Additional revenues are generated through revenue-sharing agreements with advertisers who email offers to users provided by the Company from its proprietary database.
In accordance with Financial Accounting Standards Board (FASB) Accounting Standards Codification (ASC) 605, Revenue Recognition, the Company recognizes revenue when persuasive evidence of an arrangement exists, the fee is fixed or determinable, collectability is reasonably assured, and services are performed. Generally, services are deemed to have been performed at the time a qualified lead is delivered to the client.
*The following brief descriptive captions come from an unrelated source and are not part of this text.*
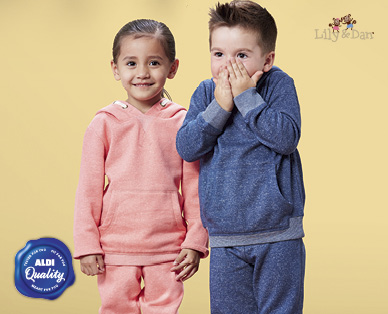CHILD SWEAT HOODIE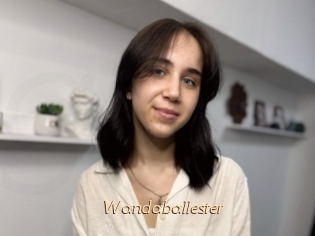 Wandaballester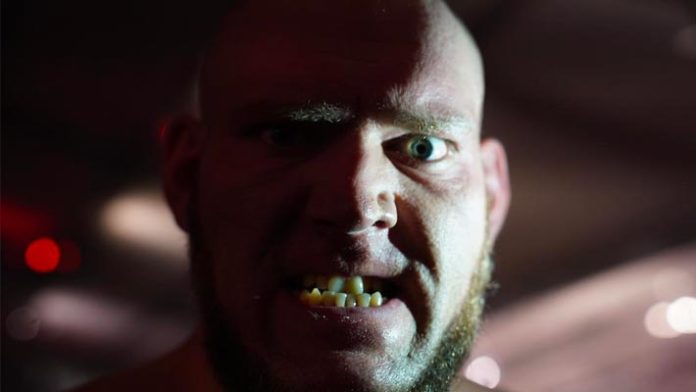 Lars Sullivan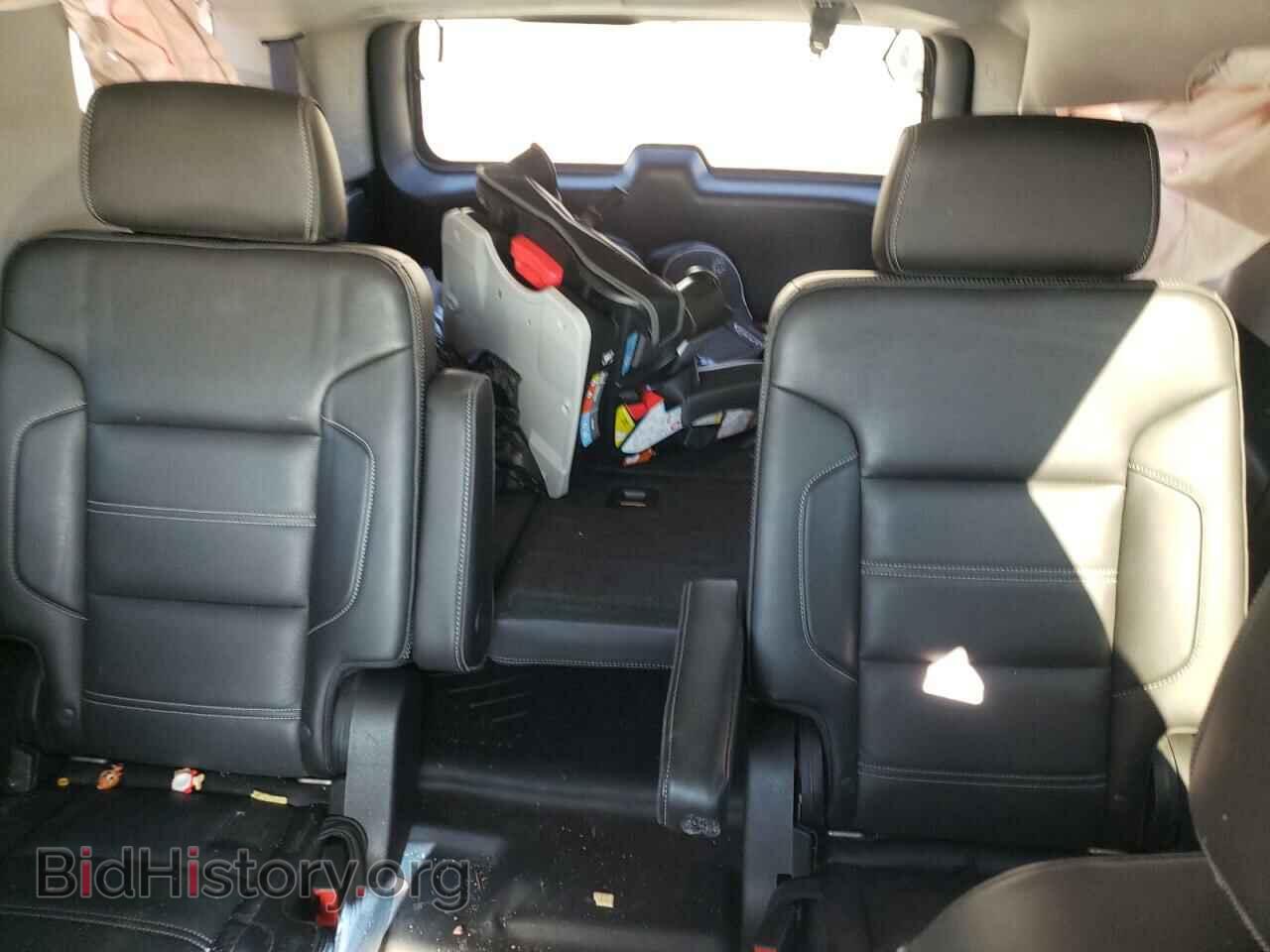 2017 GMC YUKON - VIN: 1GKS1CKJ3HR284409 - Фото 10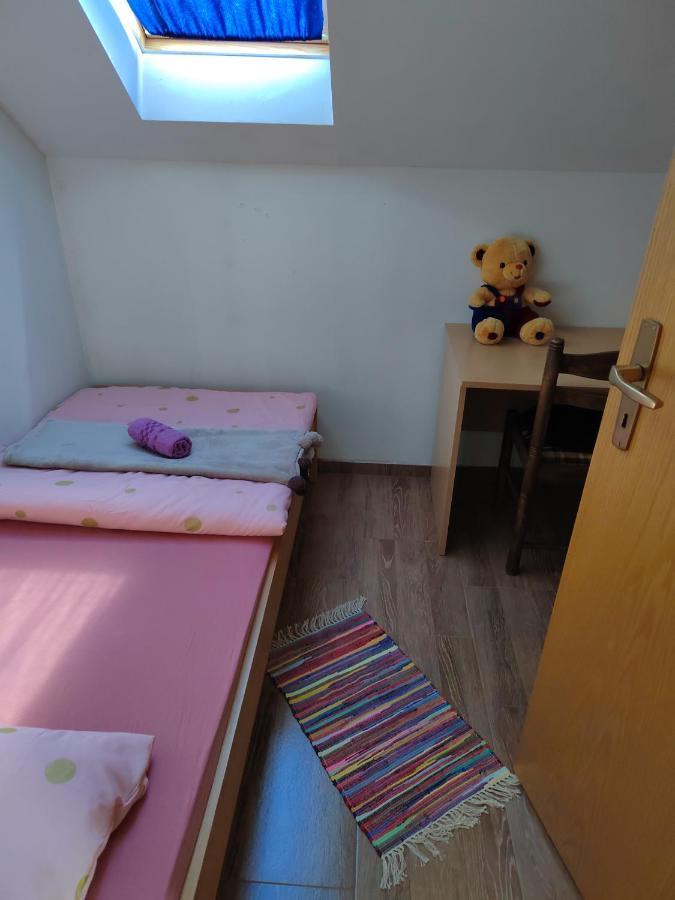 Planinski Kutak Lovinac  Bagian luar foto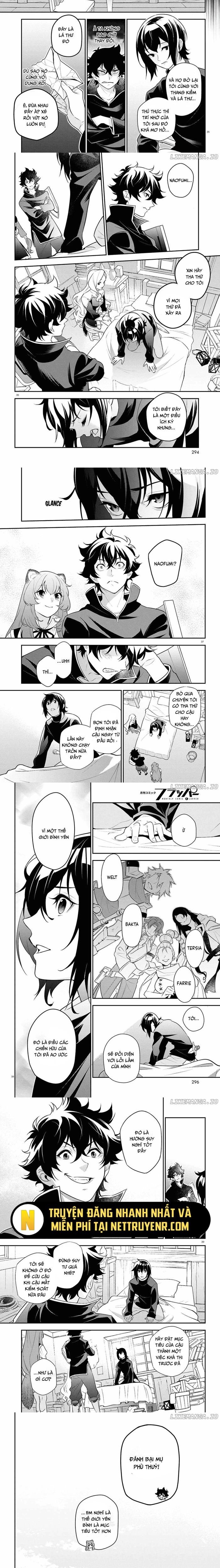 Sự Trỗi Dậy Của Anh Hùng Khiên Chapter 115 - 9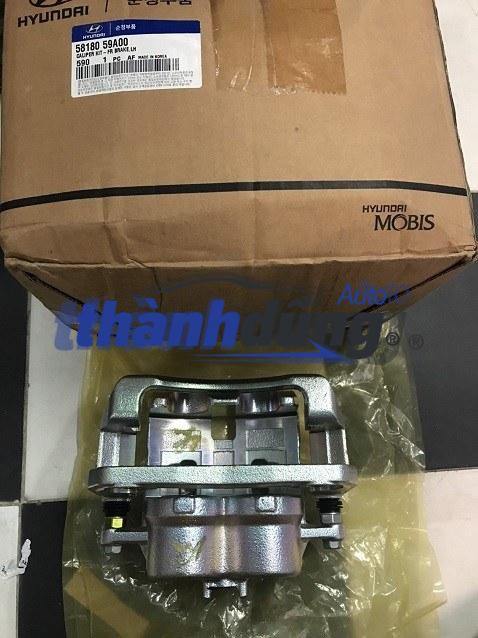 GÔNG PHANH HYUNDAI HD65, HD72, HD78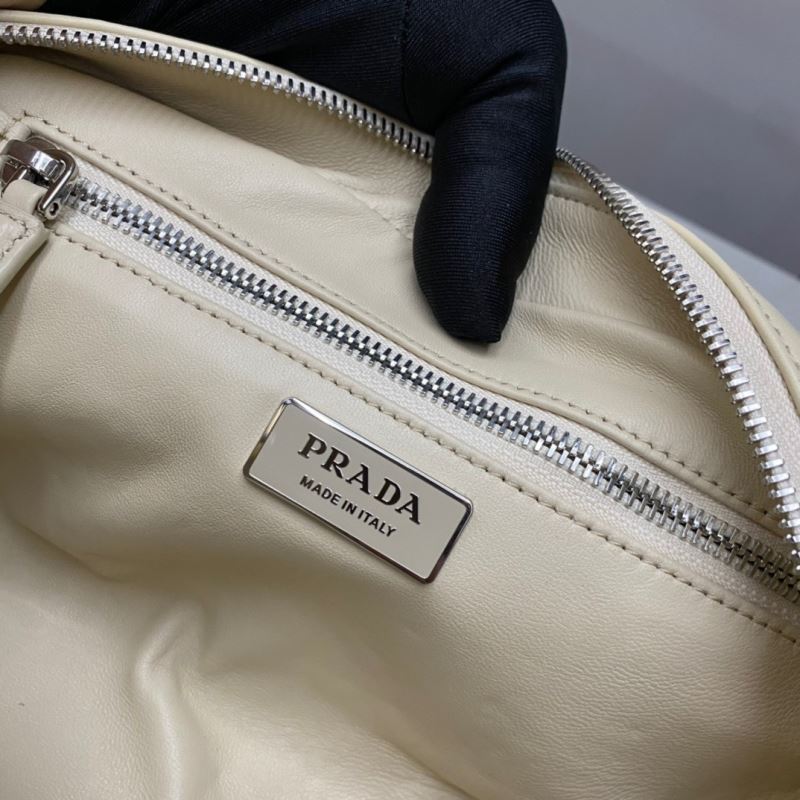 Prada Top Handle Bags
In the normal course of business, the Company acts as an intermediary in executing transactions with third parties. The determination of whether revenue should be reported on a gross or net basis is based on an assessment of whether the Company is acting as the principal or an agent in the Company’s transactions. In determining whether the Company acts as the principal or an agent, the Company follows the accounting guidance of ASC 605-45,Principal Agent Considerations. The determination of whether the Company is acting as a principal or an agent in a transaction involves judgment and is based on an evaluation of the terms of each arrangement. While not one of the factors individually is considered presumptive or determinative, because the Company is the primary obligor and is responsible for (1) identifying and contracting with third-party advertisers; (2) establishing the selling prices of user actions sold; (3) performing all billing and collection activities, including retaining credit risk; and (4) bearing sole responsibility for media cost even if the Company lacks advertising campaigns to monetize the traffic, the Company acts as the principal in these arrangements and therefore reports revenue earned and costs incurred related to these transactions on a gross basis.
[6] | Cost of revenue: |
The Company enters into agreements with publishers that enable those publishers to monetize their websites and other advertising inventory through the placement and/or display of targeted advertising. The Company typically enters into either revenue-sharing arrangements or flat guarantee arrangements with its publishers. In a 70/30 revenue-sharing arrangement, the Company would generate media costs for the Company equivalent to 70% of the revenue received from the advertisers whose advertisements are placed on a publisher’s website, determined on a cost per action (CPA), cost per lead (CPL) or cost per click (CPC) basis, as reported by the Company’s systems. In a flat guarantee arrangement, the Company would generate media costs on a cost per thousand (CPM) or unique user basis, based on a rolling 30-day average, regardless of the revenues generated from such traffic. In the case of the Company’s O2 properties, the Company buys media (leads) from publishers and advertising platforms on a CPM, CPA or CPC basis with the intent of generating full-user registration on its O2 sites, regardless of the revenues generated by such leads.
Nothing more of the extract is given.